**Short text fragments from websites:**
[Start of Attachment]

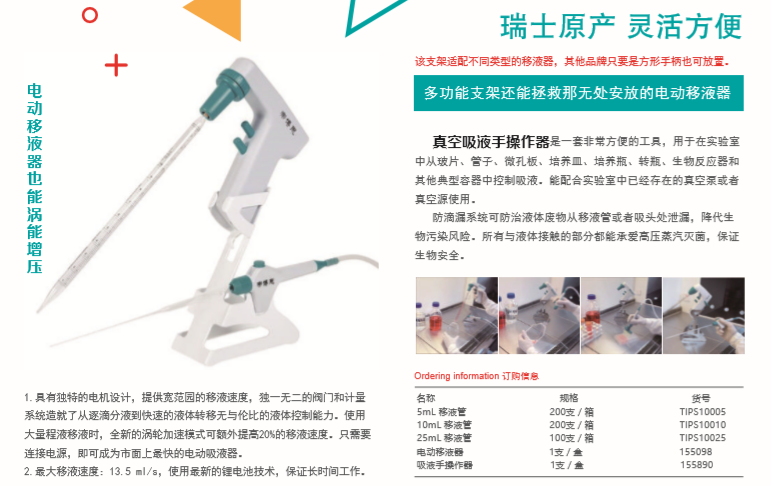产品细节图片1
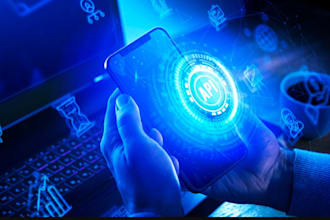 track down inactive usernames and assist with username recovery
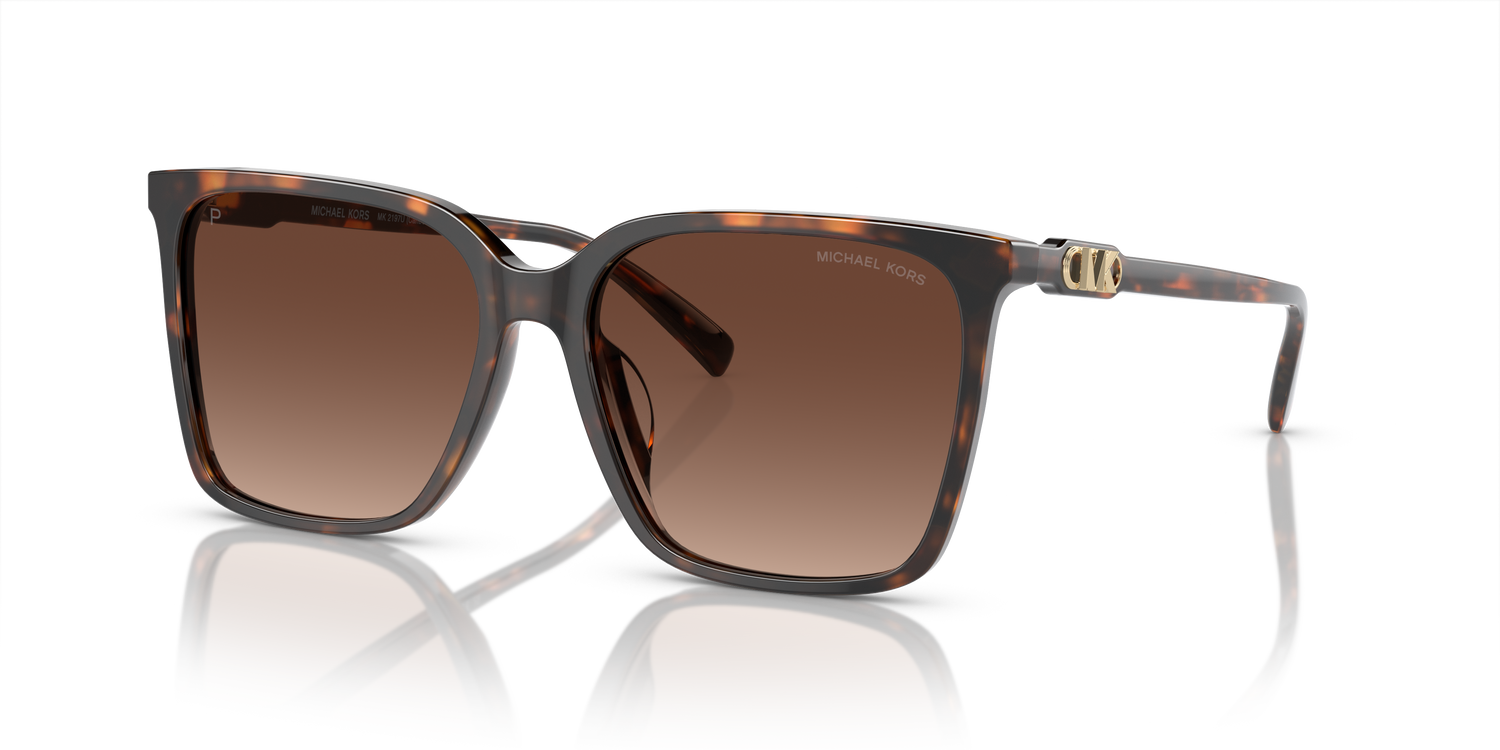 MICHAEL KORS MK2197U CANBERRA 3006T5 56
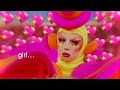 Drag Race S18 Highlights 😝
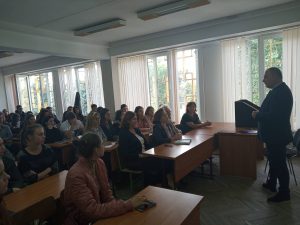 71012631_410305666351318_9031117051439087616_n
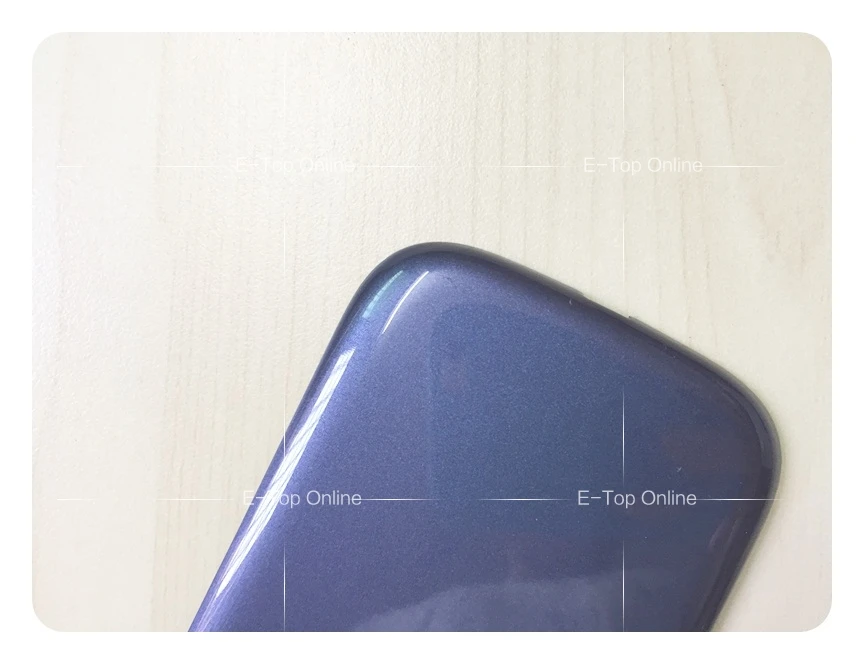 Novaphopat задняя крышка корпуса для Samsung galaxy s3 i9300 i9305 Крышка батарейного отсека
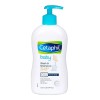 Cetaphil Baby Jabón Y Shampoo Para Bebé 399 Ml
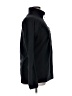 Columbia 100% Polyester Black Fleece Size XL - photo 4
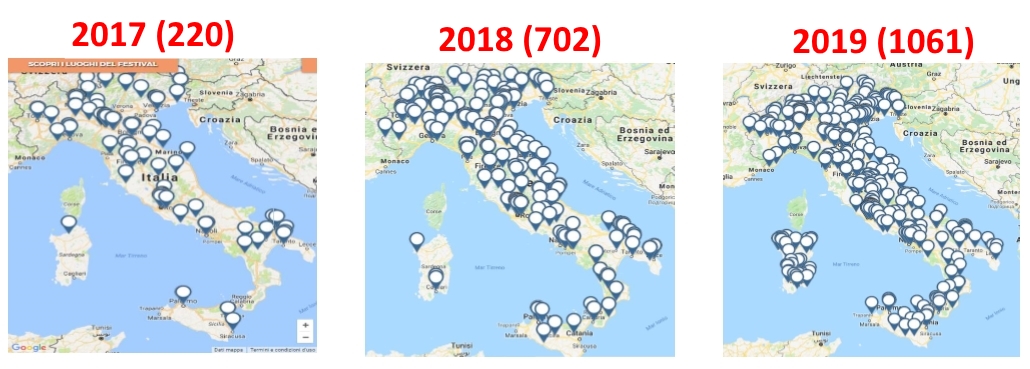 EventiFestivalNumeri_bis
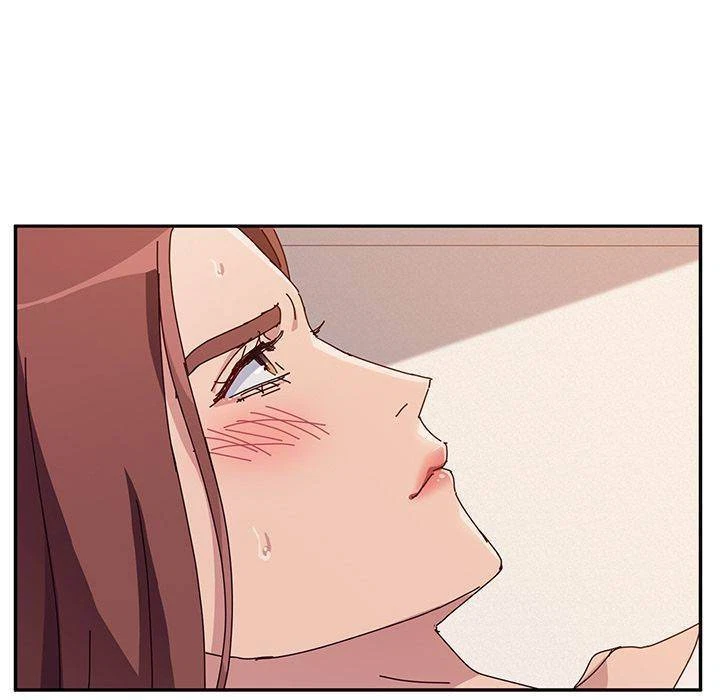 Chapter 7, page 94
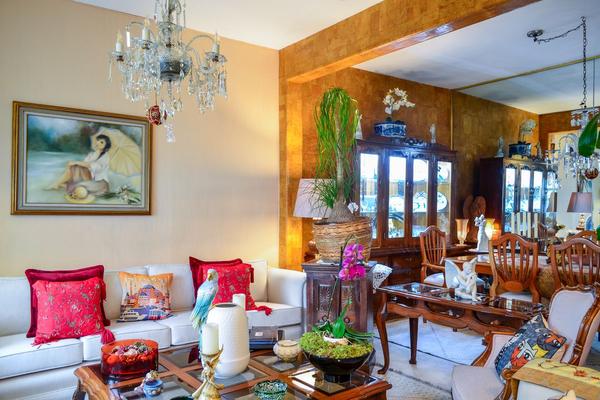 Foto de inmueble en  , Col. Roma Sur C.P. 06760, Cuauhtémoc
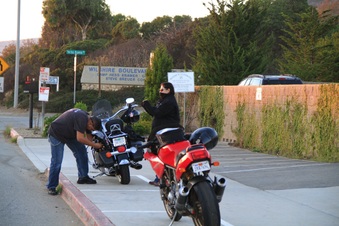 Enlarge photo 46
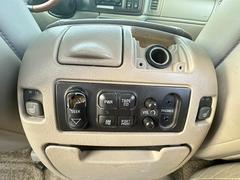 ����ǥ�å��������졼�� �١������졼�� 0404532A30251204W001 4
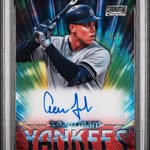 Chris Lecce - @lecce_sportscards - Instagram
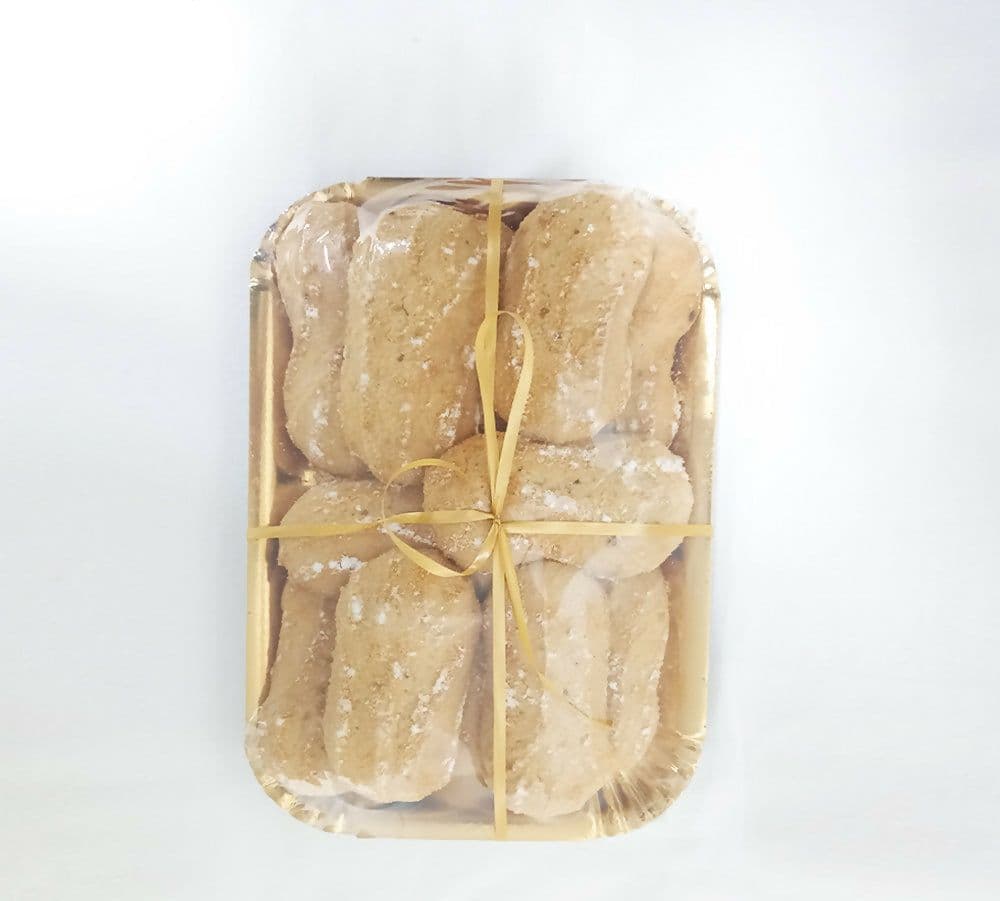 confezione-biscotti-al-burro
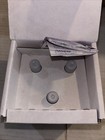 Feliway D92150b Optimum Enhanced Calming Pheromone 30-day Refill 3 Pack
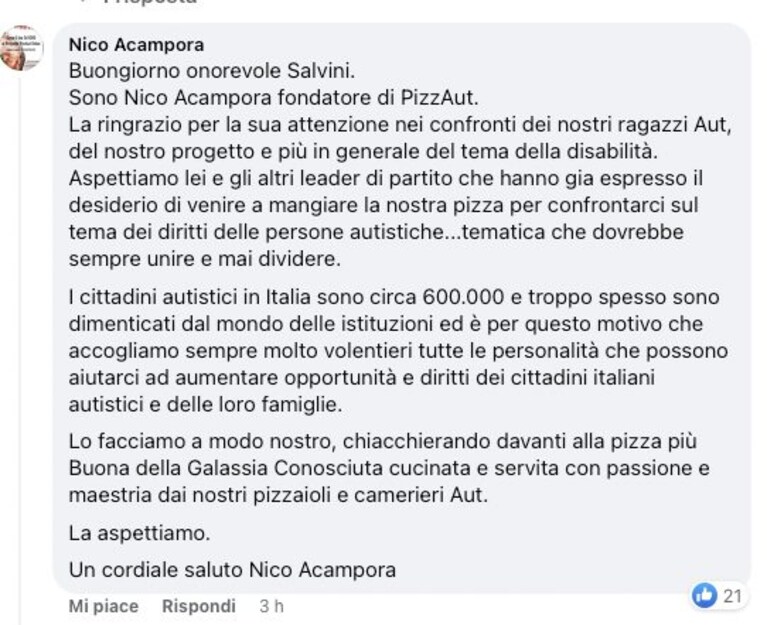 Immagine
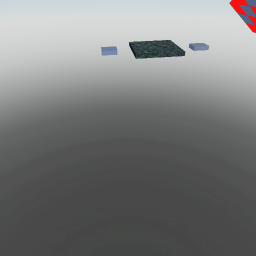 Obby om's idea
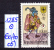 Delcampe - 1.12.1967 - SM "Tag Der Briefmarke 1967" - O Gestempelt  -  Siehe Scan  (1285o 01-11) - Gebruikt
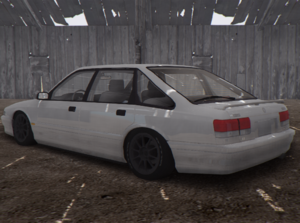 screenshot_00017.png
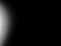 000fce19-c156-11f1-9978-0242ac11002b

[End of Attachment]

**PROBLEM DESCRIPTION:** Please reproduce the lines exactly from the one containing "Chapter 7, page 94" through the last line of the data above, and keep the pictures out.

**TASK SOLUTION:**
 Chapter 7, page 94
 Foto de inmueble en  , Col. Roma Sur C.P. 06760, Cuauhtémoc
 Enlarge photo 46
 ����ǥ�å��������졼�� �١������졼�� 0404532A30251204W001 4
 Chris Lecce - @lecce_sportscards - Instagram
 confezione-biscotti-al-burro
 Feliway D92150b Optimum Enhanced Calming Pheromone 30-day Refill 3 Pack
 Immagine
 Obby om's idea
 Delcampe - 1.12.1967 - SM "Tag Der Briefmarke 1967" - O Gestempelt  -  Siehe Scan  (1285o 01-11) - Gebruikt
 screenshot_00017.png
 000fce19-c156-11f1-9978-0242ac11002b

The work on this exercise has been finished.